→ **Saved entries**
------------------------------------------------
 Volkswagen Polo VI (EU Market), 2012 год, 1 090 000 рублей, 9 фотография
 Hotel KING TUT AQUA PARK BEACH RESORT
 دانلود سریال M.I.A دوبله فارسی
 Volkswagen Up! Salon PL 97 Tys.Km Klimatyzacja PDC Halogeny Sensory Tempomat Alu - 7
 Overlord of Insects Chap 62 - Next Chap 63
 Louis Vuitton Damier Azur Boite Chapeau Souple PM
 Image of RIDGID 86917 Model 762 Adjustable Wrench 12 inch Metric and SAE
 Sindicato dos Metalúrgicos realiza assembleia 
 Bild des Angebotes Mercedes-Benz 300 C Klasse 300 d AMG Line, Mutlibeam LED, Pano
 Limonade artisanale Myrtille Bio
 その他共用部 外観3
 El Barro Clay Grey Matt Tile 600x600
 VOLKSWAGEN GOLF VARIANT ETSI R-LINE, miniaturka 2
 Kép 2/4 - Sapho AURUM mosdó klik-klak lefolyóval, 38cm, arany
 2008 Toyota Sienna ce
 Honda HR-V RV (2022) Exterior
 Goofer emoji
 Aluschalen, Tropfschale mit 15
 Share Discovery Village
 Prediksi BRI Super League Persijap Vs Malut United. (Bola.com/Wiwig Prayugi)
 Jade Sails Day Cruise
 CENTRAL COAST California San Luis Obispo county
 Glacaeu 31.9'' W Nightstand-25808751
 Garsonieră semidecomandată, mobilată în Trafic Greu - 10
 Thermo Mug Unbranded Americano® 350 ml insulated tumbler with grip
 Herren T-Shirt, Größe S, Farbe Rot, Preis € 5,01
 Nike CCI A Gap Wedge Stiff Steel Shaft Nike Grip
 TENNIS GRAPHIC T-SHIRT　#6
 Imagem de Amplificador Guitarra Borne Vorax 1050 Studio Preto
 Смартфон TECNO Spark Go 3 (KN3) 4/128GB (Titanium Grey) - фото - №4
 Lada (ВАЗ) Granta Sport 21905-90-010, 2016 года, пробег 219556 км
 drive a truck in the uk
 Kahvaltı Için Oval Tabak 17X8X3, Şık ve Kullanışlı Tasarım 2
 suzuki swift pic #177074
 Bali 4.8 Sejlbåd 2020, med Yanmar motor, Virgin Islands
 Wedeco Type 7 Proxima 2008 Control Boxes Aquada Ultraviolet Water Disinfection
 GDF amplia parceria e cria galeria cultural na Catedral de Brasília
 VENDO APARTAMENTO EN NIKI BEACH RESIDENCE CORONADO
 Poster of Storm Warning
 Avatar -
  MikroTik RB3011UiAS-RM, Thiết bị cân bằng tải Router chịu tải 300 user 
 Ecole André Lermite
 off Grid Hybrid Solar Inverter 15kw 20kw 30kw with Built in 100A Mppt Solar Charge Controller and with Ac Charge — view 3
------------------------------------------------
→ **What you need to do**
Every line of the data above should be copied exactly.

→ **Task response**
 Volkswagen Polo VI (EU Market), 2012 год, 1 090 000 рублей, 9 фотография
 Hotel KING TUT AQUA PARK BEACH RESORT
 دانلود سریال M.I.A دوبله فارسی
 Volkswagen Up! Salon PL 97 Tys.Km Klimatyzacja PDC Halogeny Sensory Tempomat Alu - 7
 Overlord of Insects Chap 62 - Next Chap 63
 Louis Vuitton Damier Azur Boite Chapeau Souple PM
 Image of RIDGID 86917 Model 762 Adjustable Wrench 12 inch Metric and SAE
 Sindicato dos Metalúrgicos realiza assembleia 
 Bild des Angebotes Mercedes-Benz 300 C Klasse 300 d AMG Line, Mutlibeam LED, Pano
 Limonade artisanale Myrtille Bio
 その他共用部 外観3
 El Barro Clay Grey Matt Tile 600x600
 VOLKSWAGEN GOLF VARIANT ETSI R-LINE, miniaturka 2
 Kép 2/4 - Sapho AURUM mosdó klik-klak lefolyóval, 38cm, arany
 2008 Toyota Sienna ce
 Honda HR-V RV (2022) Exterior
 Goofer emoji
 Aluschalen, Tropfschale mit 15
 Share Discovery Village
 Prediksi BRI Super League Persijap Vs Malut United. (Bola.com/Wiwig Prayugi)
 Jade Sails Day Cruise
 CENTRAL COAST California San Luis Obispo county
 Glacaeu 31.9'' W Nightstand-25808751
 Garsonieră semidecomandată, mobilată în Trafic Greu - 10
 Thermo Mug Unbranded Americano® 350 ml insulated tumbler with grip
 Herren T-Shirt, Größe S, Farbe Rot, Preis € 5,01
 Nike CCI A Gap Wedge Stiff Steel Shaft Nike Grip
 TENNIS GRAPHIC T-SHIRT　#6
 Imagem de Amplificador Guitarra Borne Vorax 1050 Studio Preto
 Смартфон TECNO Spark Go 3 (KN3) 4/128GB (Titanium Grey) - фото - №4
 Lada (ВАЗ) Granta Sport 21905-90-010, 2016 года, пробег 219556 км
 drive a truck in the uk
 Kahvaltı Için Oval Tabak 17X8X3, Şık ve Kullanışlı Tasarım 2
 suzuki swift pic #177074
 Bali 4.8 Sejlbåd 2020, med Yanmar motor, Virgin Islands
 Wedeco Type 7 Proxima 2008 Control Boxes Aquada Ultraviolet Water Disinfection
 GDF amplia parceria e cria galeria cultural na Catedral de Brasília
 VENDO APARTAMENTO EN NIKI BEACH RESIDENCE CORONADO
 Poster of Storm Warning
 Avatar -
  MikroTik RB3011UiAS-RM, Thiết bị cân bằng tải Router chịu tải 300 user 
 Ecole André Lermite
 off Grid Hybrid Solar Inverter 15kw 20kw 30kw with Built in 100A Mppt Solar Charge Controller and with Ac Charge — view 3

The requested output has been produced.